**Your assignment**
Set each line of the data down exactly, please.

**Stored entries**
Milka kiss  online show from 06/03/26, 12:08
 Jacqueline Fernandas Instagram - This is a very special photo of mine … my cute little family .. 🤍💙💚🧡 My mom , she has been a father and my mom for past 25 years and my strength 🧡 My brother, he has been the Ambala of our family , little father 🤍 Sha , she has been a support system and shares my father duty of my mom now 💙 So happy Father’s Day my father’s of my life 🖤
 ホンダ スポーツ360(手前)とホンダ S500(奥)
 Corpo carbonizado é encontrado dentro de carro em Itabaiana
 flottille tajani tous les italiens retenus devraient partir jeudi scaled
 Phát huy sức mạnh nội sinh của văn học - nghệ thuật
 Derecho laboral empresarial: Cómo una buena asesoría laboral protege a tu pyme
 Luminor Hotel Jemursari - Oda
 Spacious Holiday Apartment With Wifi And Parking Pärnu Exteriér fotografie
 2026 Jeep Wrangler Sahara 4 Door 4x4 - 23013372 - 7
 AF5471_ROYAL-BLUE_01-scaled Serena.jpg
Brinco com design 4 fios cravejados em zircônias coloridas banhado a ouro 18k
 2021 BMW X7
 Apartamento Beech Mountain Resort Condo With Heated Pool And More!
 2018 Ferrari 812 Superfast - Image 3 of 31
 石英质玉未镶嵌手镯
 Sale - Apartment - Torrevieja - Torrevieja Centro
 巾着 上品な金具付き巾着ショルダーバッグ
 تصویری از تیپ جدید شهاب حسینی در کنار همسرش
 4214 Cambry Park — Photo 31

**Answer for this exercise**
Milka kiss  online show from 06/03/26, 12:08
 Jacqueline Fernandas Instagram - This is a very special photo of mine … my cute little family .. 🤍💙💚🧡 My mom , she has been a father and my mom for past 25 years and my strength 🧡 My brother, he has been the Ambala of our family , little father 🤍 Sha , she has been a support system and shares my father duty of my mom now 💙 So happy Father’s Day my father’s of my life 🖤
 ホンダ スポーツ360(手前)とホンダ S500(奥)
 Corpo carbonizado é encontrado dentro de carro em Itabaiana
 flottille tajani tous les italiens retenus devraient partir jeudi scaled
 Phát huy sức mạnh nội sinh của văn học - nghệ thuật
 Derecho laboral empresarial: Cómo una buena asesoría laboral protege a tu pyme
 Luminor Hotel Jemursari - Oda
 Spacious Holiday Apartment With Wifi And Parking Pärnu Exteriér fotografie
 2026 Jeep Wrangler Sahara 4 Door 4x4 - 23013372 - 7
 AF5471_ROYAL-BLUE_01-scaled Serena.jpg
Brinco com design 4 fios cravejados em zircônias coloridas banhado a ouro 18k
 2021 BMW X7
 Apartamento Beech Mountain Resort Condo With Heated Pool And More!
 2018 Ferrari 812 Superfast - Image 3 of 31
 石英质玉未镶嵌手镯
 Sale - Apartment - Torrevieja - Torrevieja Centro
 巾着 上品な金具付き巾着ショルダーバッグ
 تصویری از تیپ جدید شهاب حسینی در کنار همسرش
 4214 Cambry Park — Photo 31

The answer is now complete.